%%
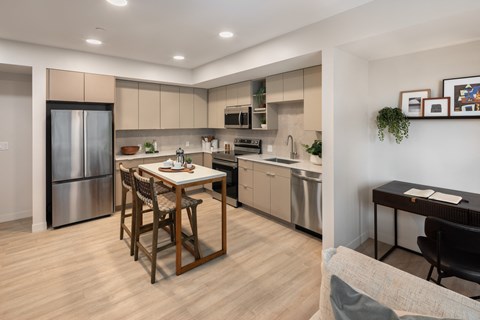 A modern kitchen with a dining table and chairs.
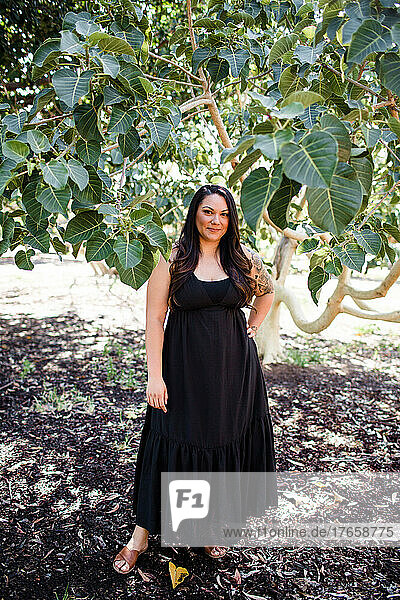 Late 30's Mexican Woman in Black Dress at Park in San Diego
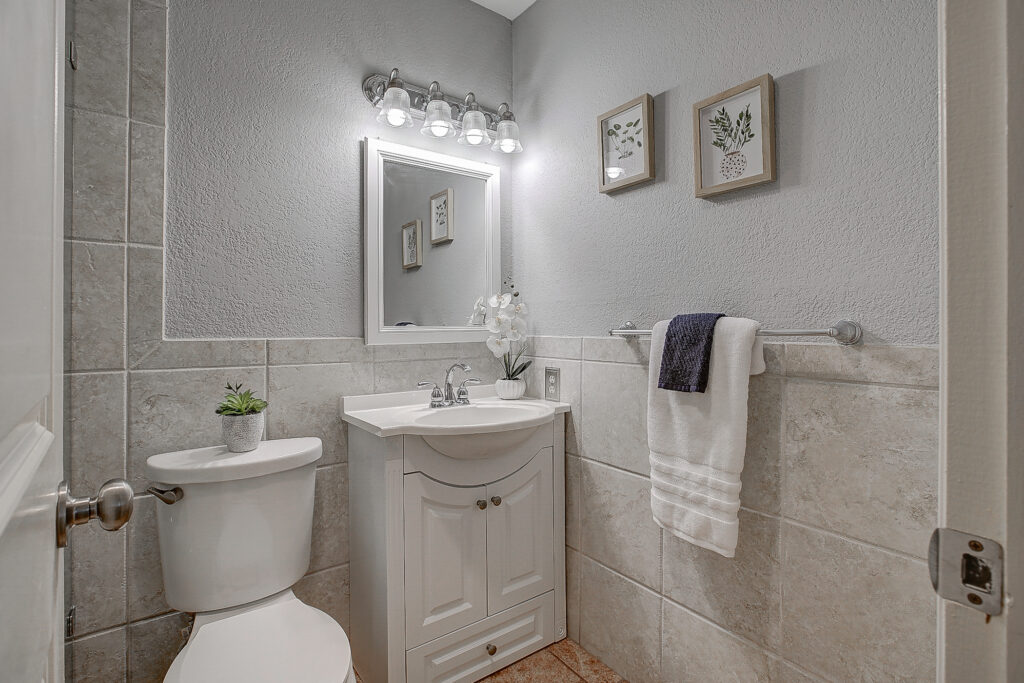 Bathroom at 5302 Saddleback Rd Garland TX with vanity, mirror, lighting fixture, and tile walls
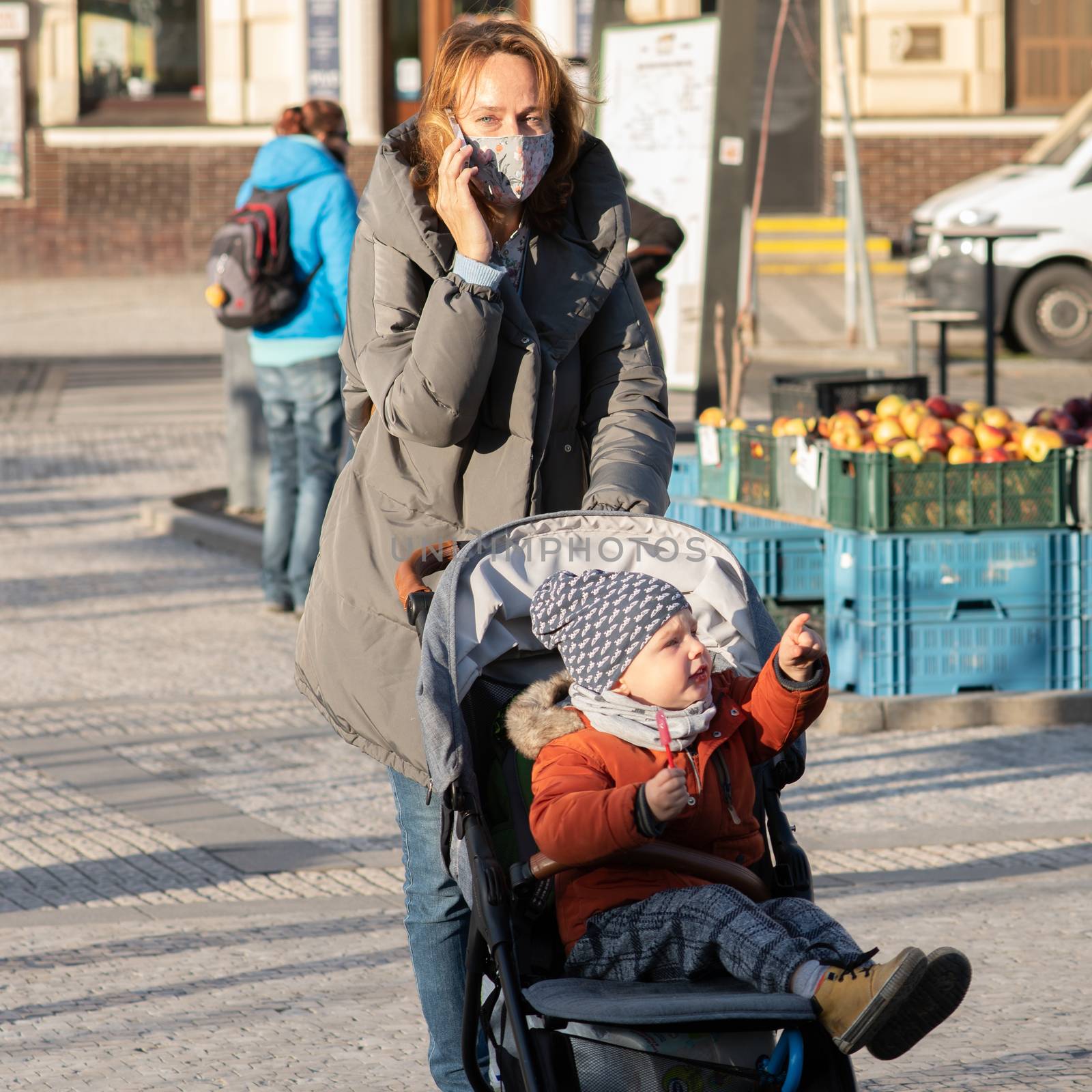 11/16/2020. Prague, Czech Republic. A mother is crossing the street with her small child in a baby carriage close to Hradcanska tram stop during quarantine. This is a lockdown period in the Czech Republic due to the increase of COVID-19 infectious in the country. Hradcanska tram stop it is in Prague 6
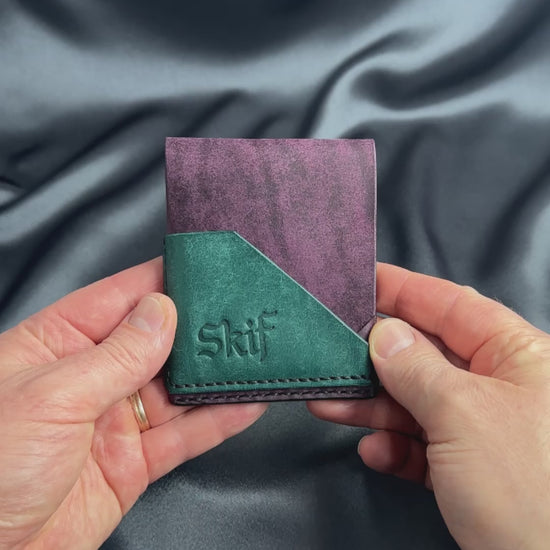 slim snap leather wallet in hands video FUSION model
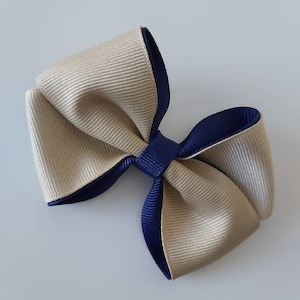 May include: A hair bow constructed from layered grosgrain ribbon in beige and navy blue. The design features a central navy blue knot that secures the loops of the beige ribbon, which is backed by a navy blue ribbon layer for a dual-tone effect.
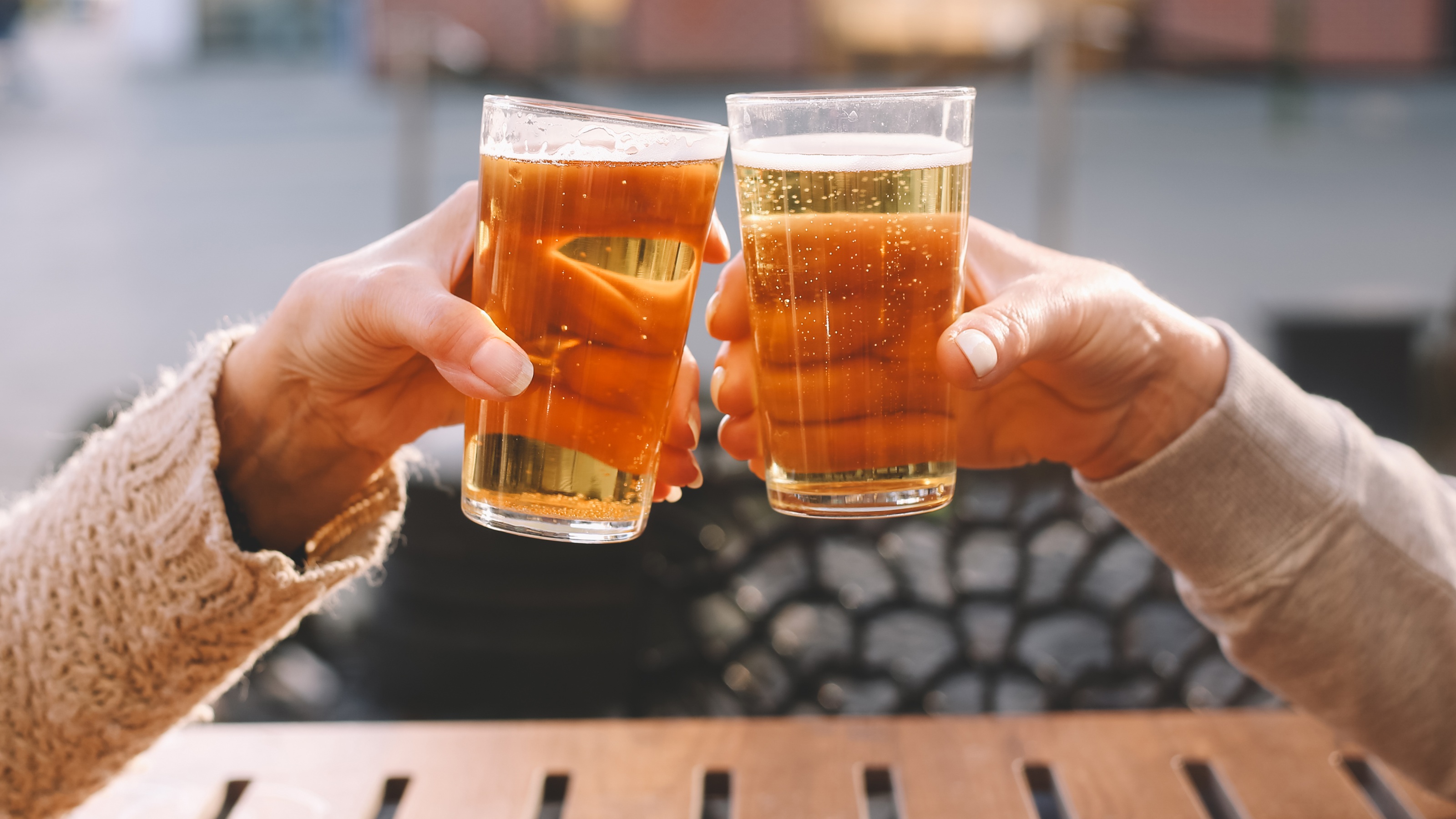 A man and woman toast with their beers.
%%
Output only the lines above from the one containing "Bathroom at 5302" to the one containing "slim snap leather", both included, exactly as written and with no pictures.

■ Output of the task:
 Bathroom at 5302 Saddleback Rd Garland TX with vanity, mirror, lighting fixture, and tile walls
 11/16/2020. Prague, Czech Republic. A mother is crossing the street with her small child in a baby carriage close to Hradcanska tram stop during quarantine. This is a lockdown period in the Czech Republic due to the increase of COVID-19 infectious in the country. Hradcanska tram stop it is in Prague 6
 slim snap leather wallet in hands video FUSION model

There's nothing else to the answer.